How to shoot with natural lighting?
With natural lighting, you make use of all the light around you. Whether you’re shooting inside or outside, always look for the sun or light first and see how the light is cast on your object or models. Is it harsh? Adjust your camera settings to the harshness of the light. If it’s too bright, lower your iso (in daylight, you can do with an iso of 200). If you work with your shutter speed a lot, make sure it isn’t set too slow. As for the focal ratio (the f of your diagram), this is completely up to you. A lower f-stop (and thus wider aperture) enables you to shoot with more light and, conversely, a higher f-stop (and thus decreased aperture) gives off a darker lighting. Because you are shooting portraits at a fashion shoot, you’ll want a wider aperture to create a beautiful depth-of-field effect (or bokeh to photographers).
The best lighting (for me) is when it’s not too bright and your models don’t have to squint their eyes when they’re facing the sun. It makes for the best photos. When we were shooting, the lighting was horrible. It was dark, there was a grayish cast everywhere (it was very cloudy) and it was cold and windy, which was definitely not good for the models. In this case, there really isn’t much you can do as a photographer other than trying to make the best of what you have. And it’s what I did. A lot of the photos needed post-editing, but you have to realize that not everything can be solved with editing. In this case, a re-shoot is the best (and probably only) option.

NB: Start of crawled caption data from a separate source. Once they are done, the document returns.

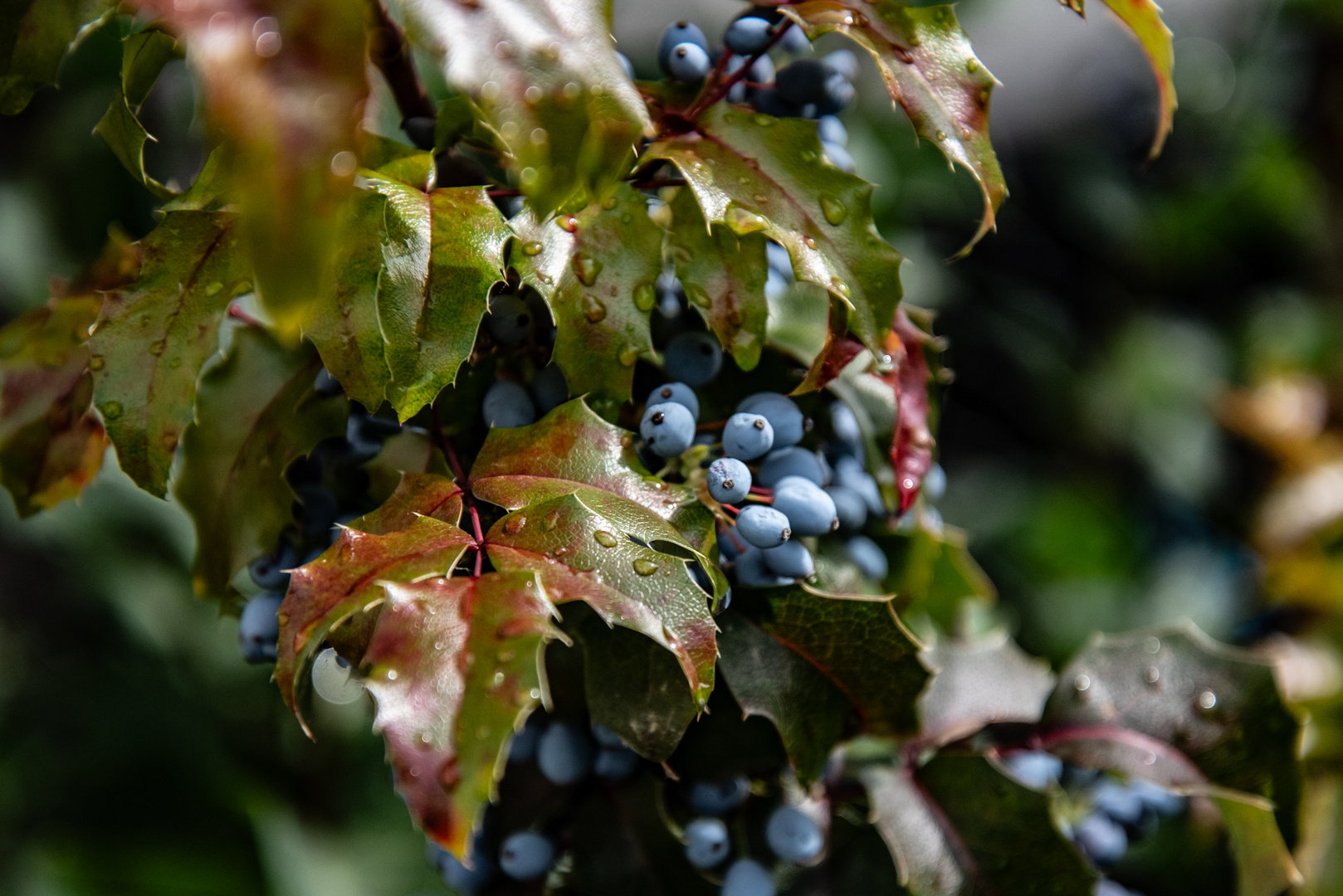 Blaue Beeren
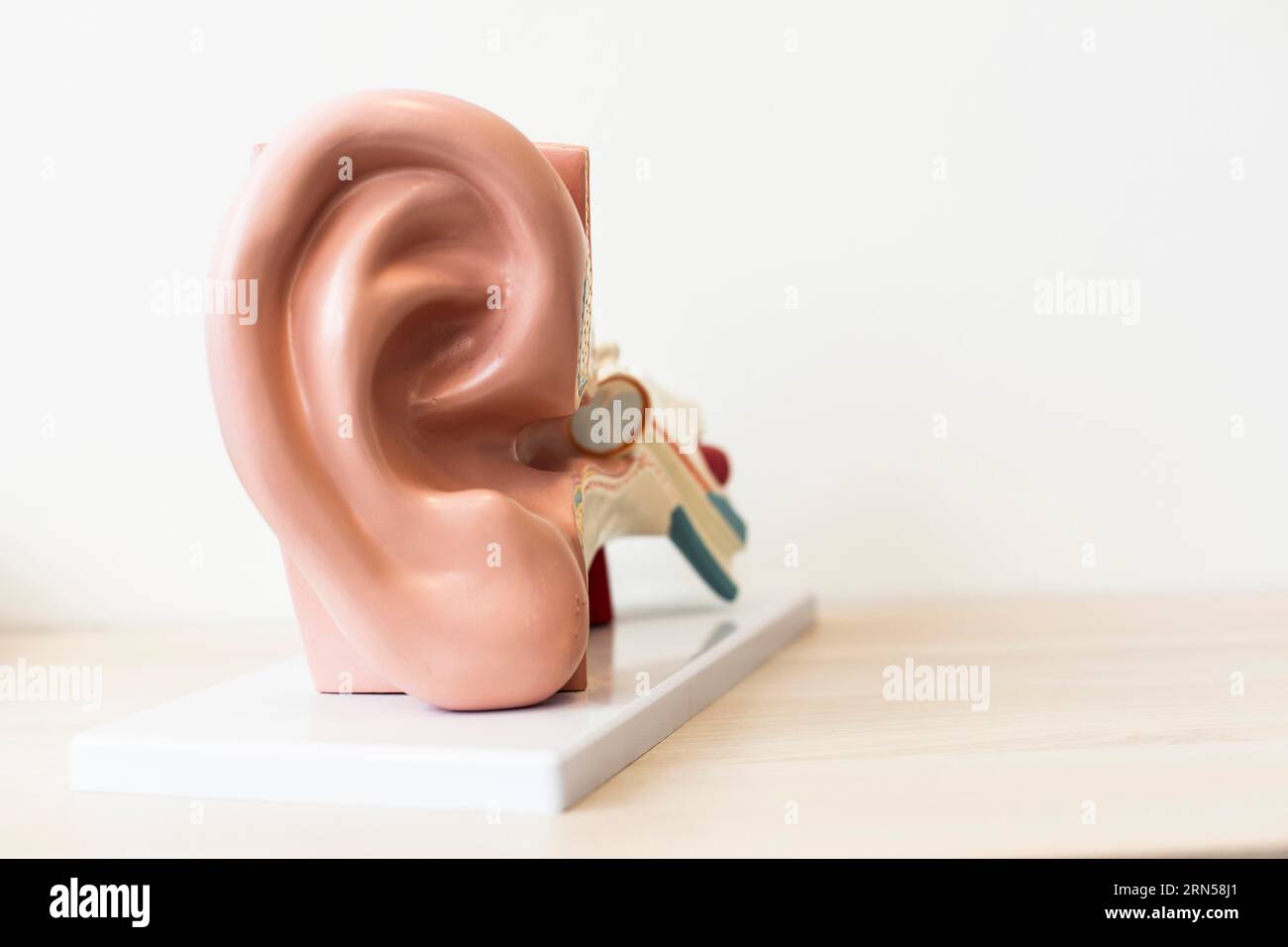 Model of a human ear against a neutral background Stock Photo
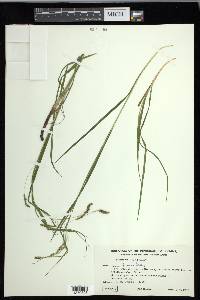 Carex formosa image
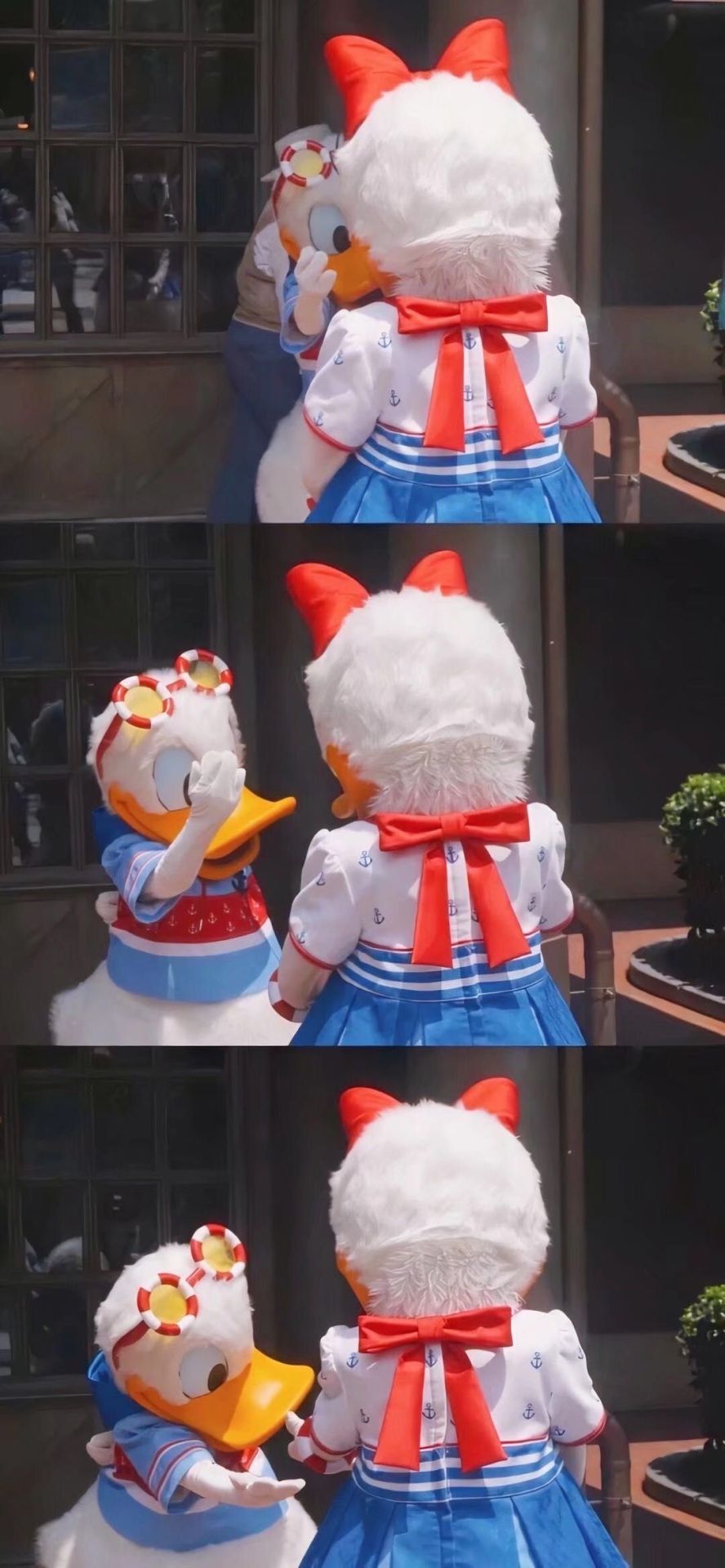 微信主題背景唐老鴨
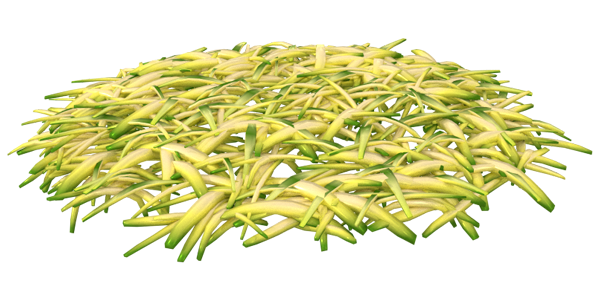 FRUIT AND VEG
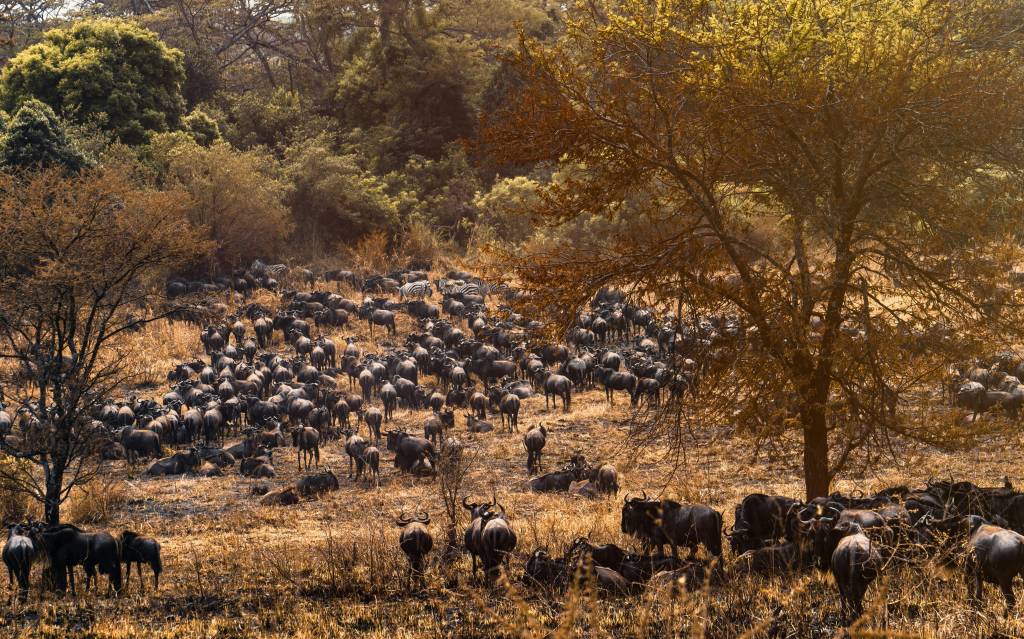 Safari nel Serengeti: alla scoperta della grande migrazione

By the way, whatever your settings are for the iso, shutter speed and aperture, don’t forget that all settings are a dependent of one another. For instance, a lower iso always means you have to adjust your shutter to a faster speed or aperture to a higher f-stop. It is getting a little bit technical here, but I’ll post a summary of the technical aspects of photography soon.
Well, this is something you have to do beforehand. It’s the pre-shoot prepping. First of all, learn what your client (or in my case, friend) wants. Do they want specific poses or do they want a more natural shoot. A trend these days, is to shoot very natural photos of models, much in the way of shoots fashion bloggers have on their blogs. It looks fresh, it looks off-the-beat, it looks simple and natural. And it creates a less ‘fake’ effect than when you instruct your models to pose a certain way. Second, scout for locations. Know where you want to shoot, how the lighting is at that particular time and spot, and if it contrasts well with the colors of the clothes. Third, know what lenses you want to use and what you want to use them for. I brought with me a wide angle and two portrait lenses and a macro. The wide angle I used on wider shots; the macro for details and the portrait lenses for the rest.
And then what?
And then you shoot! This is the tricky part and where the shoot actually begins. All the prepping and stuff are all things you should have under control before the shoot. But that is not going to be the case with your models. Your models have their own way of posing, walking, looking and it may not be what you as a photographer are looking for. In that case, you must be able to instruct your models to do what you want. This means you have to step out of your comfort zone of silently shooting things to all of a sudden interacting with your object. It helps if you know the models, but that wasn’t the case with my shoot. So then the only thing you can do is to try and get to know your models. I try to have a pre-shoot talk with my models just to see what their character is and what sort of things they’re doing in life. It definitely helps them get comfortable and for you it’s a way to pin-point some subjects you can talk or joke about during the shoot. You never want your shoot to be stiff. It delivers the most posed and ‘fake’ shots. So always try to make the shoot ‘light’ and ‘airy’.
Anyway, I hope this helps you with your fashion shoots. I am in no way an expert of fashion shoots or shoots at all in general. And there were definitely (a lot of) things I would have done differently with my shoot. These are just some quick tips. May the tips in any way be helpful to you. Good luck and thank you for reading!